Although their function is conventionally more closely linked with the court process, there is often early involvement in the pathway of patients who are detained in prison custody.
Additionally, prison mental health inreach teams were established to ensure that patients who would elsewhere be subject to Care Programme Approach services would receive comparable care in prison.
‘Many patients in prison have significant unmet clinical needs’
In some prisons, practitioners/teams have been providing counselling and talking therapies. Highly specialised services, for patients with attention deficit hyperactivity disorder or personality disorder, have also emerged.
Despite the array of services available, it is generally acknowledged that there are many patients in prison who have significant unmet clinical needs.
A key decision for practitioners involved in the delivery of prison based mental health services is whether it is appropriate to introduce/continue treatment in prison or whether admission to hospital is necessary.
The legislative framework for the admission of a prisoner with mental health problems to hospital is set out within part 3 (or the “criminal” part) of the Mental Health Act 1983.
The choice of the act mechanism for admission is dependent on two key factors:
- the stage of the court process; and
- the purpose of the admission.
The act contains various provisions, which apply dependent upon whether the individual is in the pre-conviction, pre-sentence, sentence or post-sentence phase of the legal process.
The rationale for admission can be broadly split into assessment and treatment.
Sections 35 and 36 of the MHA
In the pre-conviction stage, under Section 35 of the act, the court may remand the patient to hospital for assessment of their mental disorder. Remand to hospital for treatment can be effected by Section 36, which requires evidence from two doctors.
Section 37 of the act: hospital order
If the individual is found guilty of the offence(s), consideration is sometimes given to whether a hospital order (Section 37) would be more appropriate than a criminal justice disposal, such as a prison sentence or a community order. This is a matter for the court and requires medical evidence from two doctors.
This is a critical decision: if a hospital order is imposed, the patient cannot be resentenced or returned to prison for the same offence.
‘A hospital order is considered to be more humane than a custodial sentence’
If the individual is considered to present a risk of serious harm to the public, the court may impose a restriction order (Section 41) alongside a hospital order.
The effect is to require the doctor responsible for the patient’s care to seek the permission of the Ministry of Justice before granting leave outside the hospital, and discharge from the hospital is a matter for the Ministry of Justice or a tribunal.
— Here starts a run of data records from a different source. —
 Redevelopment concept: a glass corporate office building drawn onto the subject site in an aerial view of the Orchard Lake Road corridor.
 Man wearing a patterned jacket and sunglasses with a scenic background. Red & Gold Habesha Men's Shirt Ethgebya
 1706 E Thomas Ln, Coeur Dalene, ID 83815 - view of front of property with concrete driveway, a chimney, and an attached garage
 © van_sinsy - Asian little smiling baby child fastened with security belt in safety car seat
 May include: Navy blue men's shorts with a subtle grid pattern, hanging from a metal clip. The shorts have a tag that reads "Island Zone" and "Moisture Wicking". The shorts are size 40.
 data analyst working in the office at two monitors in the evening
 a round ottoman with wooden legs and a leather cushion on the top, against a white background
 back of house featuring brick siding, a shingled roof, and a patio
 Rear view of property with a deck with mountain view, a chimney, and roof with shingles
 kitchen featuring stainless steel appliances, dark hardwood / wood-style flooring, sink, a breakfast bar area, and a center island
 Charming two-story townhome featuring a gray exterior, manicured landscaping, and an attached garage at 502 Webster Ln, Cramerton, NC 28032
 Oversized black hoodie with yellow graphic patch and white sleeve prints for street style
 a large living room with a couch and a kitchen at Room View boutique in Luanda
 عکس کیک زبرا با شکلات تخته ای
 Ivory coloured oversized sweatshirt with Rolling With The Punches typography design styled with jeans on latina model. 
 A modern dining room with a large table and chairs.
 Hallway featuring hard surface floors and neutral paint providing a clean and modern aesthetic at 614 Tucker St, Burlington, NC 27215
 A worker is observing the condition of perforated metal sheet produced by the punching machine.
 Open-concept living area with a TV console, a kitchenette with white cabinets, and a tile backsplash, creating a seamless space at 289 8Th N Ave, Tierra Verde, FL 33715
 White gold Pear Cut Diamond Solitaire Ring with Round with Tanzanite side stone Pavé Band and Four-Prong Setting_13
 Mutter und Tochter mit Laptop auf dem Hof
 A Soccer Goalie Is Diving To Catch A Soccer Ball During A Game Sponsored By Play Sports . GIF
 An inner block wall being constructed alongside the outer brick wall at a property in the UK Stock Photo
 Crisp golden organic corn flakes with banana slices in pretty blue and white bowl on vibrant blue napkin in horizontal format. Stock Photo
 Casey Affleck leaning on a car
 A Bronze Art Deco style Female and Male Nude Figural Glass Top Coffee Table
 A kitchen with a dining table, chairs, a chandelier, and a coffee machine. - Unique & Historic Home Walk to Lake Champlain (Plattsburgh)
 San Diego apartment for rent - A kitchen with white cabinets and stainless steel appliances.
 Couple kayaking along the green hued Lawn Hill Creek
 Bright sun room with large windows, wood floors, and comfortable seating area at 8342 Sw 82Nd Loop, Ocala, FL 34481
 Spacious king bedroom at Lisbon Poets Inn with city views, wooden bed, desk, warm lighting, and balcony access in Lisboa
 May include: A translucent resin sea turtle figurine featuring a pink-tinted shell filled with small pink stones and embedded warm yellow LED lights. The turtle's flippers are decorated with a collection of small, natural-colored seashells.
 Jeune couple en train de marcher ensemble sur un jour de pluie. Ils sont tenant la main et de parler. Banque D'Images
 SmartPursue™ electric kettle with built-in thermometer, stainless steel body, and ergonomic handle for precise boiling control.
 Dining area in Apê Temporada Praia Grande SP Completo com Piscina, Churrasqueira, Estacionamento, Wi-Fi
A hospital order is considered to be more humane than a custodial sentence. The focus is on treatment for the individual’s mental health disorder, and not the punishment aspect of a sentence.
The aim of a hospital order is to ensure that the offender receives proper medical care and attention, in the hope that this would reduce the commission of future offences.
Tips for prison healthcare providers, mental health trusts and commissioners
- Comprehensive assessment of mental health should take place at reception and/or when a change in the prisoner’s mental health warrants this.
- Where mental health needs are identified, any delay in providing care should be kept to an absolute minimum – this is important because where there are delays, prisoners can be entitled to damages for breach of the Human Rights Act.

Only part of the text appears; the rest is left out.